A fruit farmer carries persimmons at a persimmon concentration site in Qingzhou, east China's Shandong Province, November 11, 2020. /Getty
On the contrary, China has managed the coronavirus impeccably, has suffered no upset to its political stability and its economy is steaming ahead. At the same time, China will soon be embarking on its 14th Five-Year Plan that will focus heavily on increasing access to foreign investors, innovation and green growth. This will only make China a more important trade partner for neighboring countries and the world.
Other important blocs recognize China's unique capability in leading the global economic recovery. This is why the European Union (EU) and China recently signed a landmark deal on Geographical Indications and are working to conclude the most significant bilateral trade agreement between the two blocs ever, the EU-China Comprehensive Agreement on Investment (CAI).
European leaders are delighted that they might be able to get back to business as usual with a Biden administration and work toward cooperation on climate change, the digital economy and liberalizing trade once again.

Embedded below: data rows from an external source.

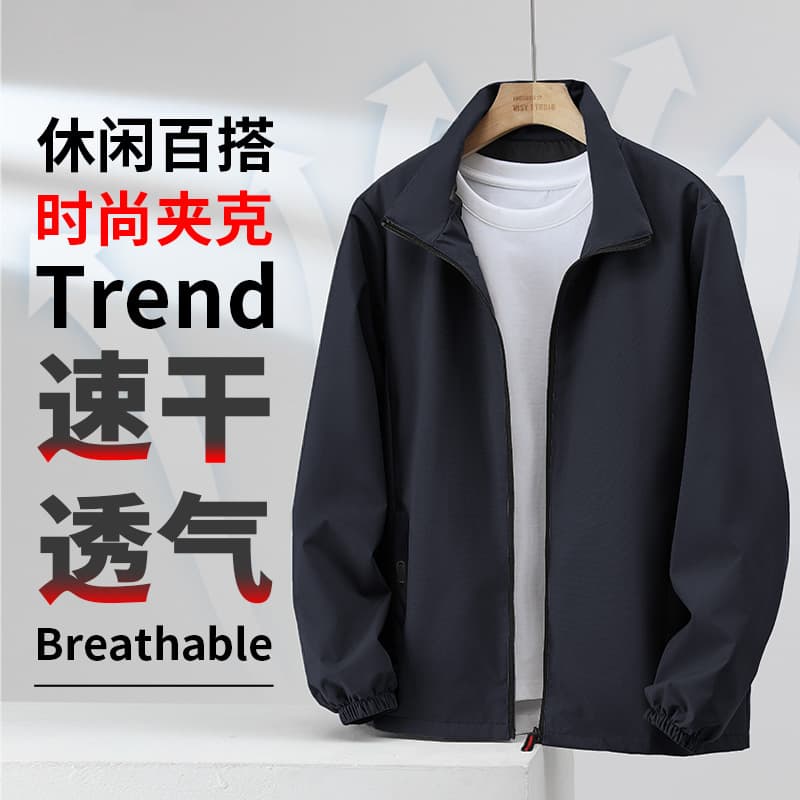 New extra large size stand collar jacket casual trend popular windproof work jacket plus fat and enlarged young and middle-aged men's clothing 4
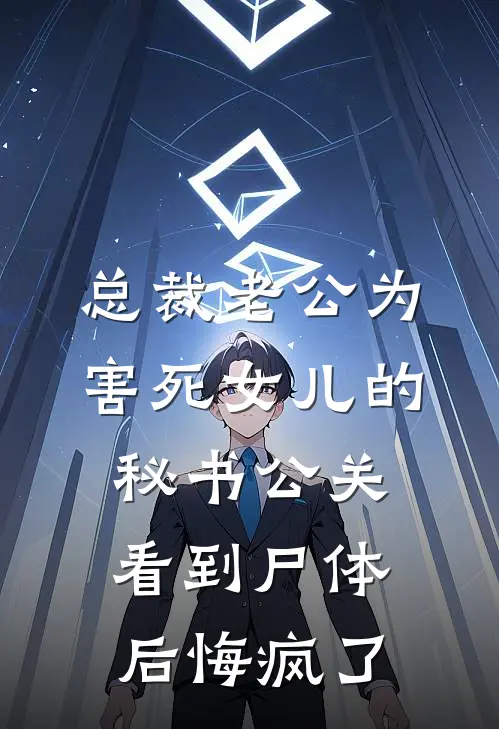 总裁老公为害死女儿的秘书公关，看到尸体后悔疯了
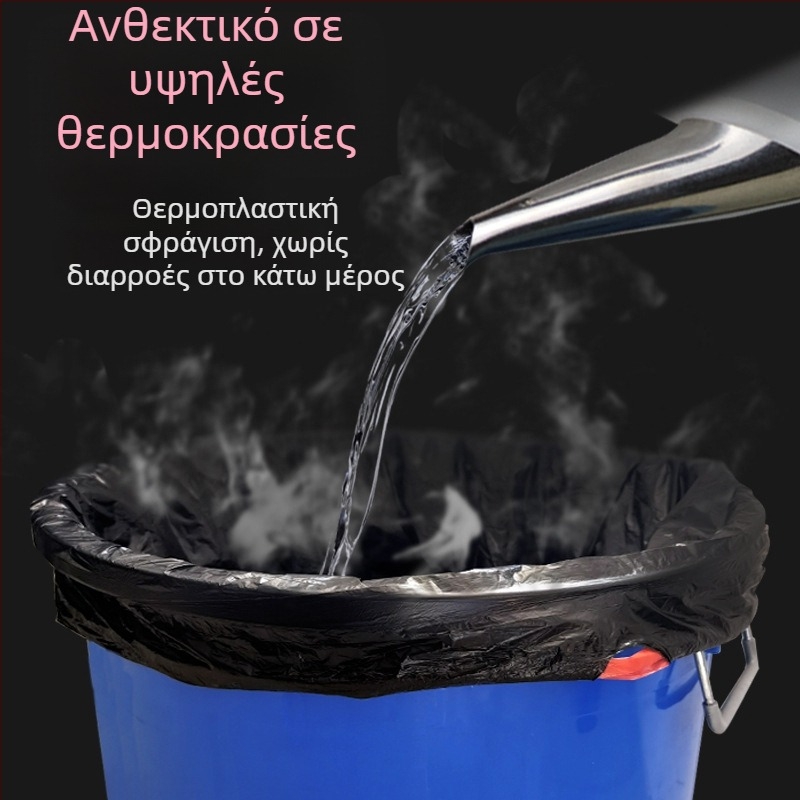 Σακούλες απορριμμάτων με κορδόνι για κάδους κουζίνας, παχύτερες, με λαβές, αυτόματο κλείσιμο, ανθεκτικές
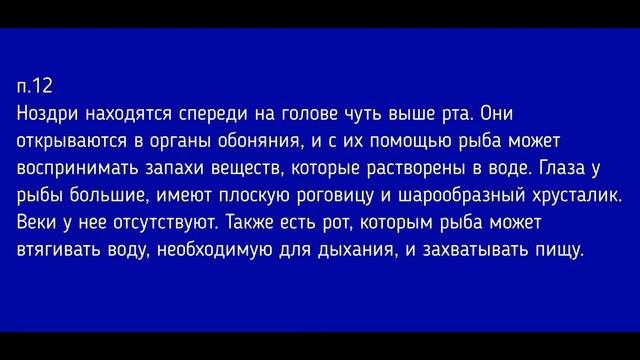 Биология 7 класс. Лабораторная работа. Изучение внешнего строения рыбы смотреть онлайн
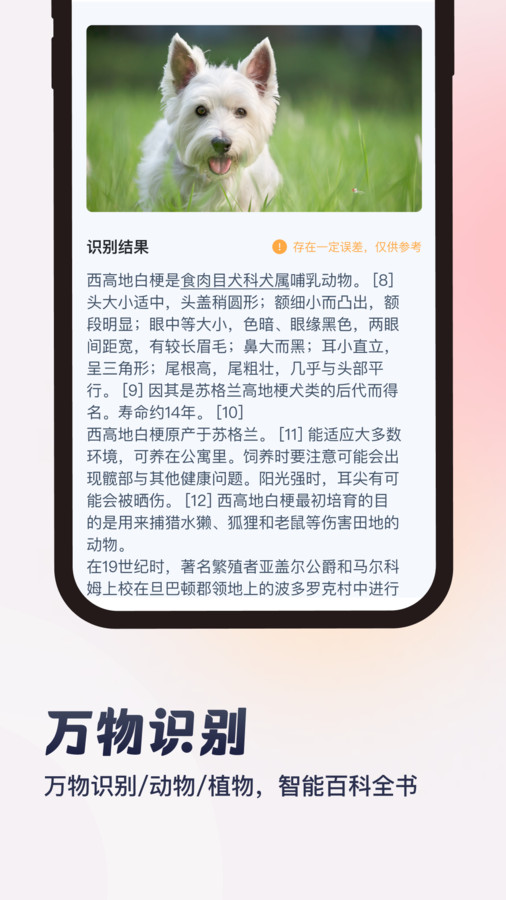 墨茉掃描軟件版截圖3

But on all of these issues, a significant amount of time is probably going to be lost on just undoing the damage done over the past four years under Trump and this will make the outcomes of new talks less ambitious.
As Czech Prime Minister Babis said in a speech on November 11 during a conference on transatlantic relations, a "very important topic for the whole of Europe and the EU is the urgent need to improve our trade relationship. We should say goodbye to any attempts and threats of trade wars, and we should work hard to liberalize our mutual trade relationship. Perhaps we do not have to be as ambitious and comprehensive as abandoned treaty TTIP (Transatlantic Trade and Investment Partnership), but mutual trade and investments between the U.S. and Europe should start to flourish again."
The prime minister spelled it out quite well and made reference to TTIP, another potentially game changing Obama-brokered trade agreement between the U.S. and EU that was scrapped by the Trump administration.
In this way, the RCEP could be the impetus for even more large-scale bilateral and multilateral trade agreements. The EU, already one of China's largest trading partners, will certainly be watching the ASEAN summit carefully and, if the RCEP is concluded as expected, should see even more of a reason to push ahead with the CAI in order to capitalize on the action going on in East Asia.
Because of this, the RCEP represents a major turning point in global trade and is set to be the most significant trade agreement in modern history.